La información me había impactado desde cuando la leí en una columna de León Valencia, en la revista Semana, hace varios meses. Es un dato inquietante, con un alto poder de provocar en algunos lectores un verdadero éxtasis bélico, y en otros, un temor sobre los humos de gran potencia local y regional que ostenta últimamente nuestra institución armada. Pero el tema de este artículo no va a ser sobre esa desproporción, que incluso después constaté que era peor, pues Brasil, territorialmente, nos aventaja en algo más de siete veces en kilómetros cuadrados.

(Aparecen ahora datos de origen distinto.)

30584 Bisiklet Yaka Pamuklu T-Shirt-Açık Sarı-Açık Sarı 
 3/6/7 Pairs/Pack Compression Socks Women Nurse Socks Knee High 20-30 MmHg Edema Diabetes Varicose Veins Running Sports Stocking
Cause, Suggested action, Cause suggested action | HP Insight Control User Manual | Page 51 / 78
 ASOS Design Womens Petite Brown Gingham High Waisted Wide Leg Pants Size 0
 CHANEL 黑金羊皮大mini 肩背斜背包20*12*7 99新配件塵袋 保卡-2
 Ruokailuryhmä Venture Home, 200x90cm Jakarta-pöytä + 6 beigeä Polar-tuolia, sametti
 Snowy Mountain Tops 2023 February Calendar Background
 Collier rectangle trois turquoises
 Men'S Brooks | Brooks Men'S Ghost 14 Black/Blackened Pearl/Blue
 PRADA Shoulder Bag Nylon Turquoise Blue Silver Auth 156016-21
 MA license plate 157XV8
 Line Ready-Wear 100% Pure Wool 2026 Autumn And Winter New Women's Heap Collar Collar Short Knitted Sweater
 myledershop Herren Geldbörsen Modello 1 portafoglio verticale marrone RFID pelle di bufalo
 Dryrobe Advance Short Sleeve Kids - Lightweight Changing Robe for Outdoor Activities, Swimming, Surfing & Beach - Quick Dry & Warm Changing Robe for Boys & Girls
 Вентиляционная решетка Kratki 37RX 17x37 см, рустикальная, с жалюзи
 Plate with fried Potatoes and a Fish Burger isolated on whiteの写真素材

El punto es que yo a esa comparación no le atribuí autor, lo que hizo que pareciera mía, y quiero corregir aunque tarde ese error. Al robo lo hizo más descarado el hecho de que León estaba ahí, al lado mío, junto a otros dos participantes, Camilo González y José Félix Lafaurie, y los periodistas María Elvira Samper y Antonio Caballero. Supongo que todos ellos, buenos lectores de esos temas, pillaron en flagrancia mi raponazo, solo que tuvieron la amabilidad de no ponerme en evidencia. Y eso que uno de los asuntos de los que se hablaba en el programa era el de restitución de bienes. Qué frescura la mía.
No incurrí en el gran robo al tren, ni me alcé con una “obra”, pero desde cuando tuve ese ataque de cleptomanía periodística, una vergüenza íntima me afecta el ánimo, hasta el extremo de que, siendo visitante habitual de un lugar en el que a veces coincido con León, dejé de ir al mismo por no poder mirar a la cara a quien me le quedé con un punto de vista. Aquí se lo restituyo en público, sin que me lo haya reclamado, porque es un señor.
Lo hago por obligación moral y porque uno nunca olvida a quien le sustrae aunque sea una frase —de cierto interés, por supuesto— y la presenta después como propia. El problema de esos asaltos es que cuando el autor real vuelve a usar al descuido lo que sabe suyo, no falta quien lo denuncie por plagio. García Márquez, con algo de sorna, me contó hace años sobre una crítica del Spiegel según la cual “el Nobel colombiano imita cada vez más a Isabel Allende”.
Hace poco estuvo por acá, dictando un seminario, un documentalista chileno muy bueno cuyo catálogo estaba encabezado por este texto: “Un país sin cine propio es como una casa de familia sin álbum fotográfico”. Una frase nada excepcional y ya innecesaria en esta época en que casi todo el mundo anda por ahí con una cámara. Pero en todo caso una frase mía, que formó parte de un artículo que publiqué hace 20 años en un periódico bilingüe de Providence, Rhode Island, con ocasión de un festival al que asistió también quien a estas alturas la arrastra como una sentencia por donde quiera que viaje. No peleo por ella, porque sería como denunciar a estas horas el hurto viejo de una plancha de las de resistencia, y en realidad porque más se perdió en Cuba.
Ya aligerado de mi infracción ética, dormiré tranquilo esta noche.
Jorge Nieto. Murió esta semana el cineasta y amigo Jorge Nieto, documentalista, historiador, crítico e investigador del cine colombiano. Me conmovió encontrar despidiéndolo a Diego Rojas, “La pulga” Martha Helena Restrepo y Marina Arango, quienes lo tuvieron como su maestro y compañero en la pasión y el rigor por preservar nuestro patrimonio cinematográfico.
Para Jorge, las películas nacionales comenzaban después de la palabra Fin. Agradecimientos a su obra y amistad.